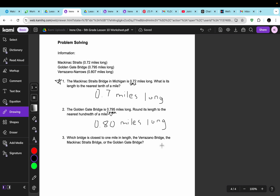Which bridge is closest to 1 mile in length — the Frazano Bridge, the Mackinac Strait Bridge, or the Golden Gate Bridge? The 1s place for all of them is 0. We look at the 10th place: for the Mackinac Strait it's a 7, for the Golden Gate Bridge it's a 7 as well, and for the Frazano Narrows it's an 8. Since 8 is bigger than 7, the Frazano Bridge is the closest to 1 mile in length.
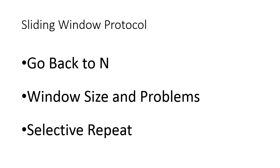We will also introduce the problems encountered with the sliding window Go Back to N protocol, and we'll also see how this problem can be solved. To solve those problems, we will introduce a protocol Selective Repeat.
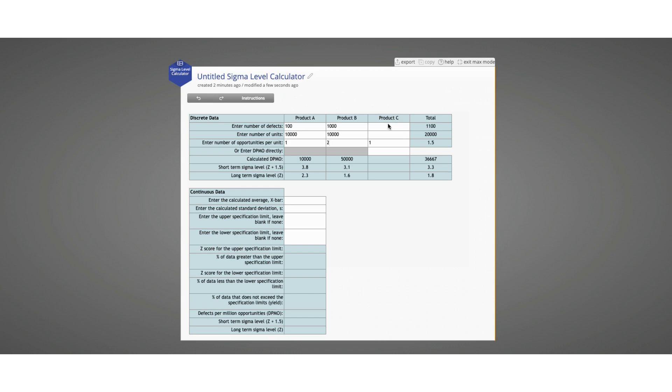We can go ahead and add yet another product, C, with some number of defects and some total units, and one defect opportunity per unit. You can see that those results are also calculated and used in the total column.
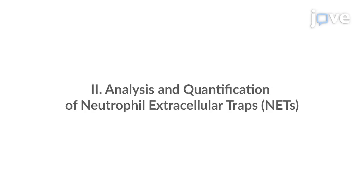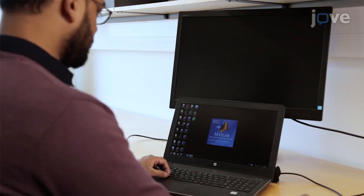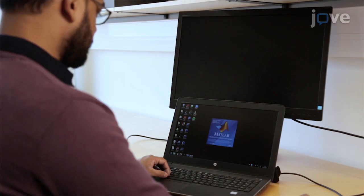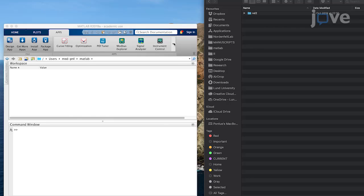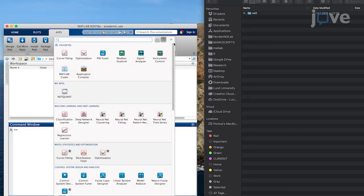Install and open the analysis software. An up-to-date version can be found on the Zenodo GitHub Archive or the Nordenfelt Lab website.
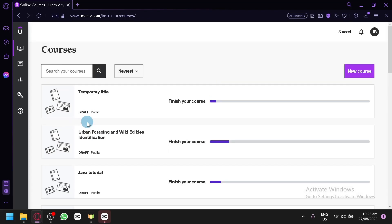And that's basically it. That is how you will be able to create an online course step-by-step.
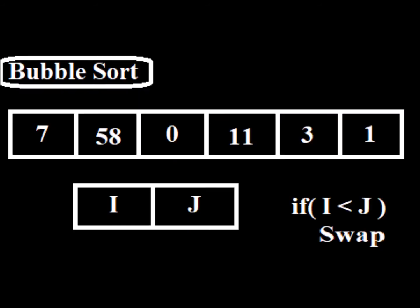The bubble sort algorithm compares the neighboring adjacent element to the other element. If one element is smaller than the other one, i or j plus 1, we swap the values in an iterative loop-based fashion.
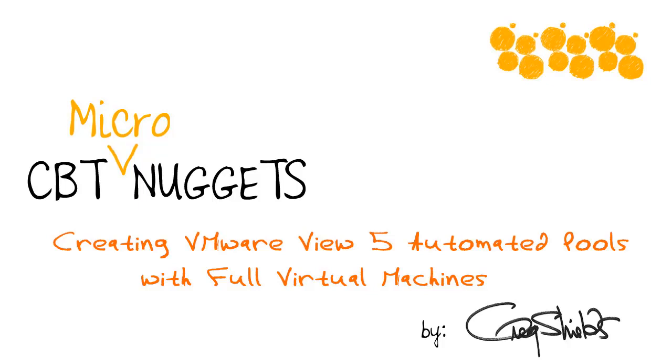When you're creating virtual desktops, you can just create a bunch of virtual desktops, or you can use automation tools.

◆ **BRIEF**: With pictures omitted, restate word for word every line above from the one containing "Install and open" to the end of the entries.

◆ **SOLVED EXERCISE**:
Install and open the analysis software. An up-to-date version can be found on the Zenodo GitHub Archive or the Nordenfelt Lab website.
And that's basically it. That is how you will be able to create an online course step-by-step.
The bubble sort algorithm compares the neighboring adjacent element to the other element. If one element is smaller than the other one, i or j plus 1, we swap the values in an iterative loop-based fashion.
When you're creating virtual desktops, you can just create a bunch of virtual desktops, or you can use automation tools.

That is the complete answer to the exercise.